Material provided>
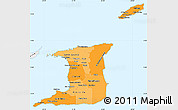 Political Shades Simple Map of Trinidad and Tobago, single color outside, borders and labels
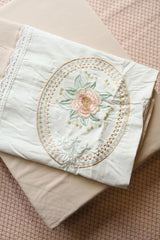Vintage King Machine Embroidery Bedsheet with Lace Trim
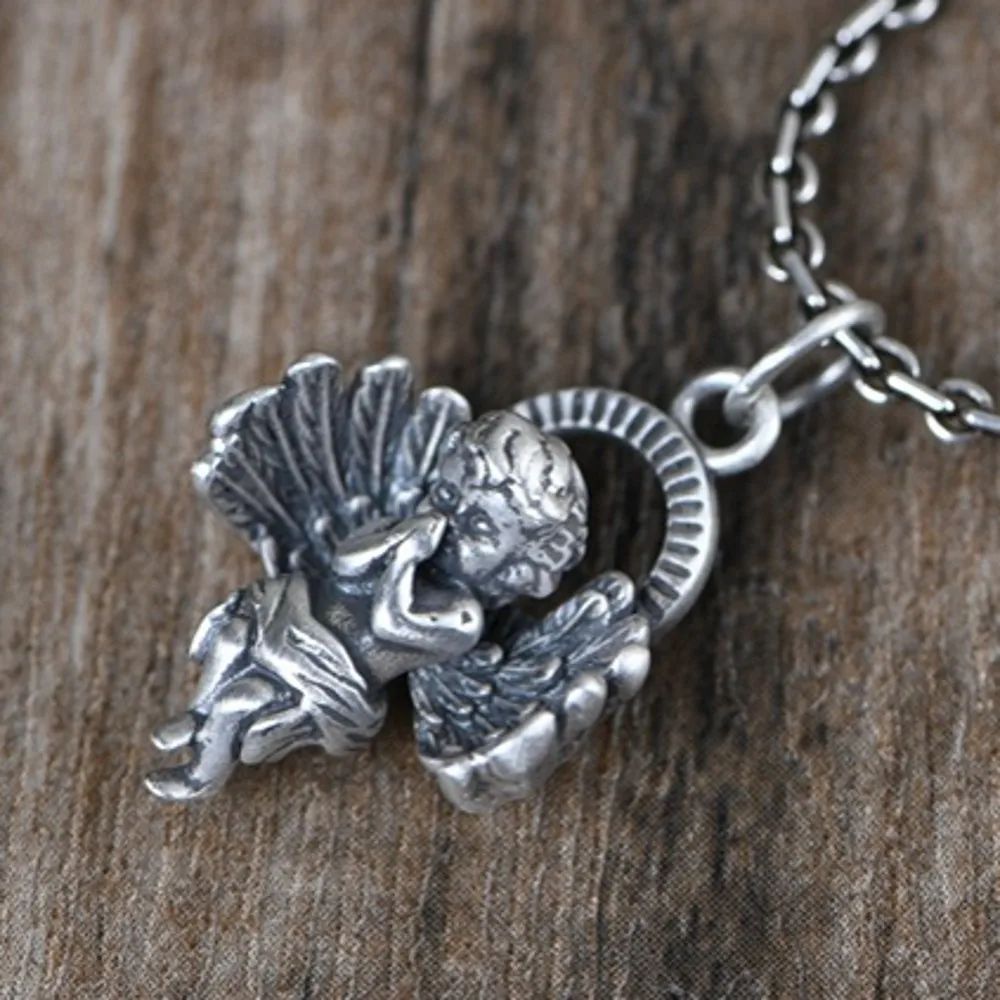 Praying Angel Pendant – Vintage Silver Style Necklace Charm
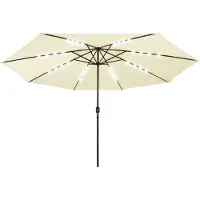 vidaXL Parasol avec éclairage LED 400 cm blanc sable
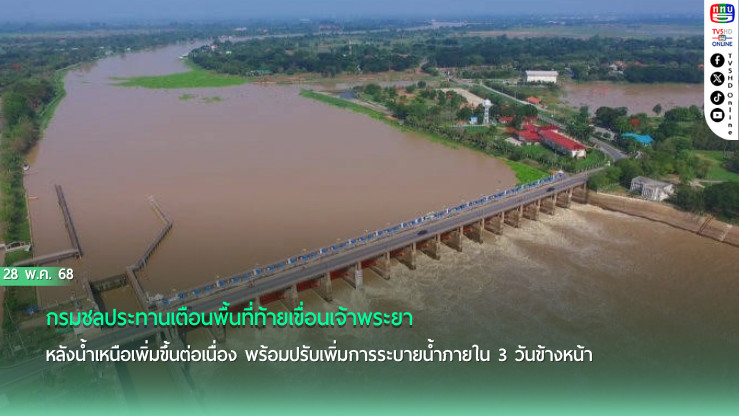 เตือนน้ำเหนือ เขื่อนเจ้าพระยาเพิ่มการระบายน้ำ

What the task asks>
Starting with the line that contains "Vintage King Machine", give the lines again exactly as they appear through the last line of the data, pictures excluded.

Task result>
Vintage King Machine Embroidery Bedsheet with Lace Trim
 Praying Angel Pendant – Vintage Silver Style Necklace Charm
 vidaXL Parasol avec éclairage LED 400 cm blanc sable
 เตือนน้ำเหนือ เขื่อนเจ้าพระยาเพิ่มการระบายน้ำ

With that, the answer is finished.